How are you feeling about playing this year at the first French Quarter Festival since the pandemic?

This year, I’m playing with Amigos do Samba, which is Brazilian samba music. Me and the entire band are excited to feel part of this community of New Orleans when we play.

What I love about French Quarter Fest is that the people are there to watch the shows – I really enjoy the heat of the crowd at FQF. They’re not there by accident; they chose to be there. They are there for the music and really appreciate it a lot. And what is New Orleans without music, you know? One of the unique things about New Orleans is that it is such an artistic city. The art is everywhere in the Quarter – brass bands, street musicians, artists, painters – it’s everywhere. I feel like art for me is just a metaphor for expression, and all of these artists together are this beautiful huge explosion of expression. At French Quarter Fest, you have a crowd that wants to see these expressions, and that is special.

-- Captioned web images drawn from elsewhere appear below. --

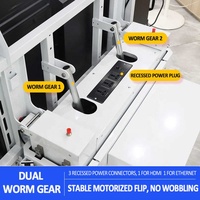 JGST Nuevo Soporte de TV Motorizado Eléctrico de Alta Gama, Moderno, Blanco y Negro, de 55-98 Pulgadas, con Base Móvil Abatible y Control Remoto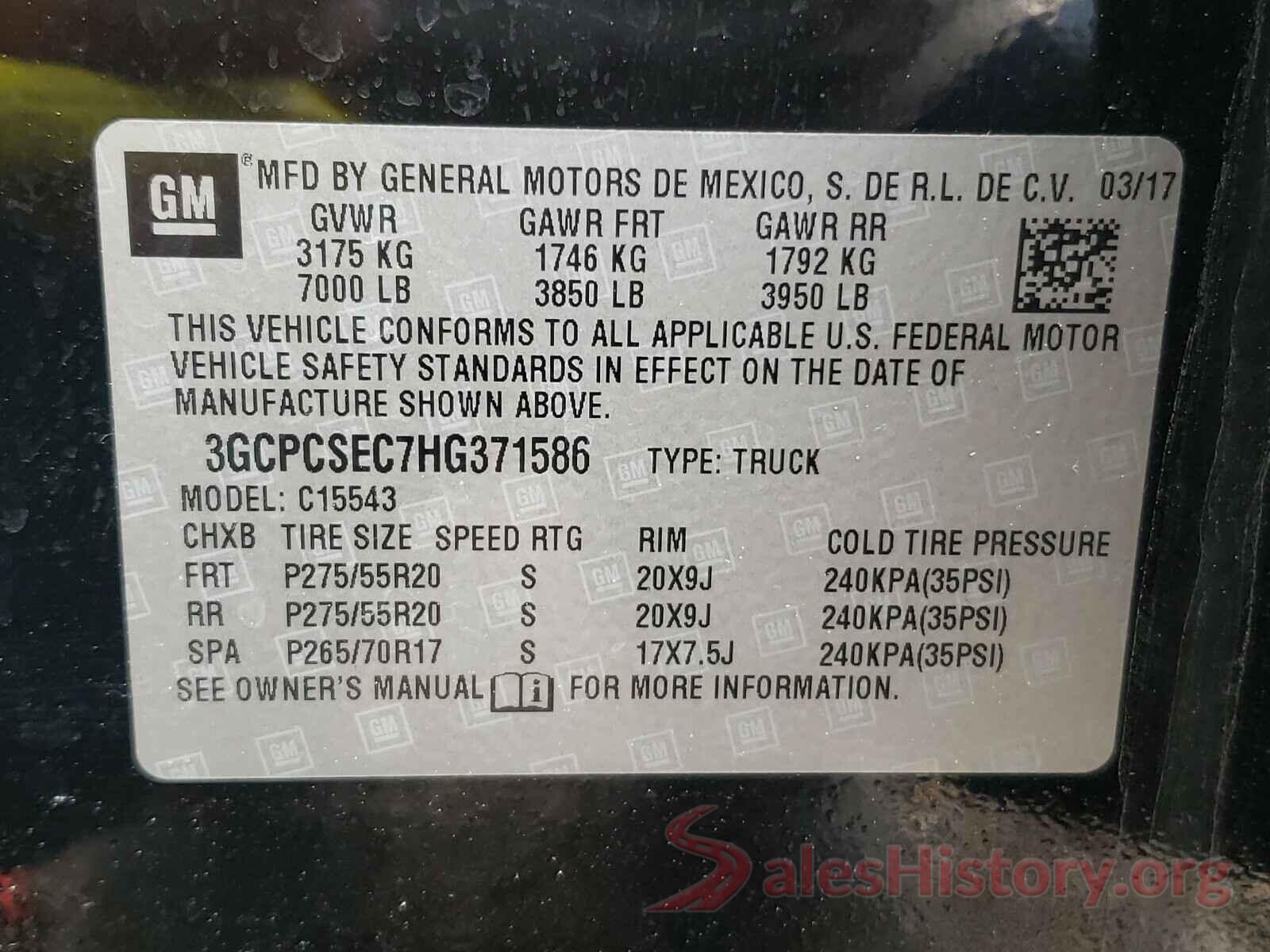 3GCPCSEC7HG371586 2017 CHEVROLET SILVERADO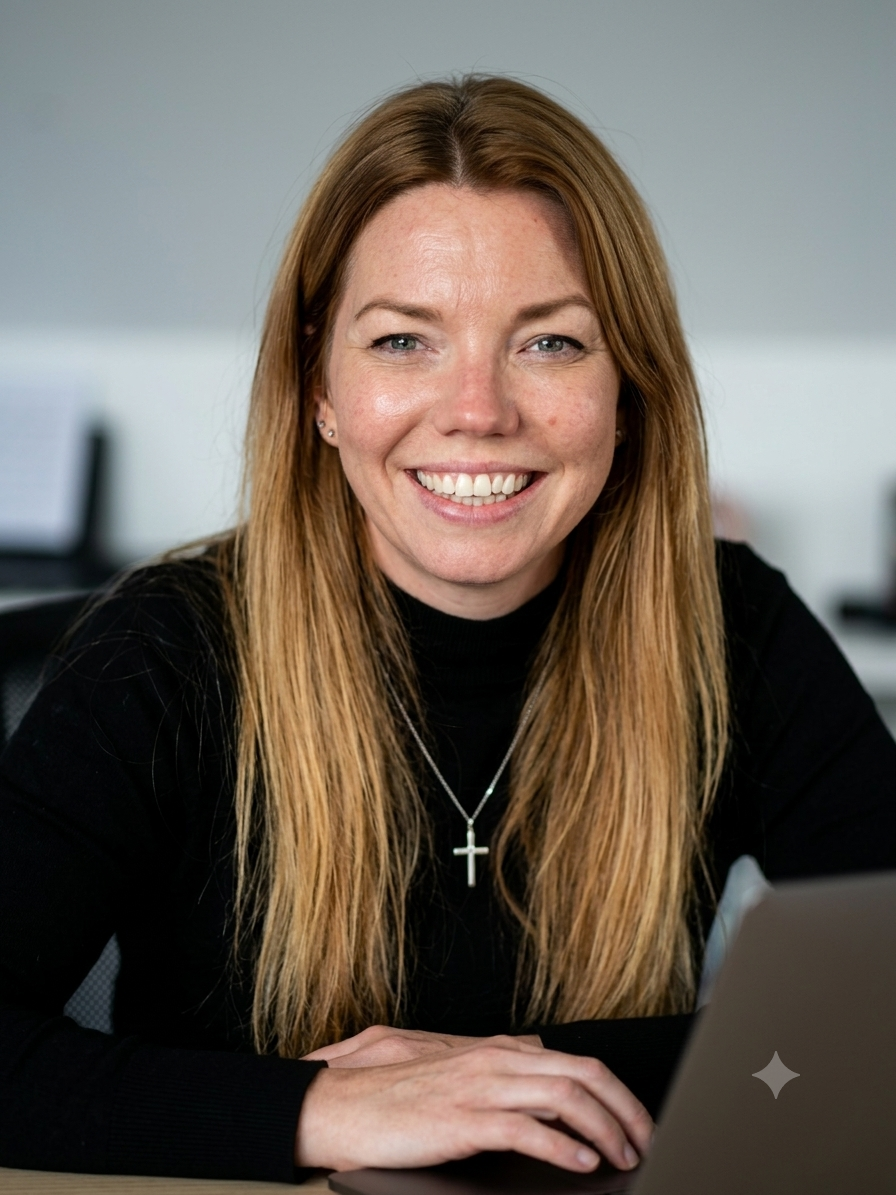 Leanne Cunningham, founder of Talent Media, at her desk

Fernando is one of the many faces of FQF who contribute deeply and so meaningfully to the cultural events and city as a whole. With their own deep love and appreciation for New Orleans, every artist has a rich past that makes their admiration for French Quarter Festivals, Inc. unique and allows them to enrich the culture and heritage of New Orleans with their own touch. This weekend, ask the people around you at French Quarter Fest what unique journey has led them to the Vieux Carré, and as you look at the vibrant community around you, you will see each individual as a unique piece of New Orleans worth celebrating.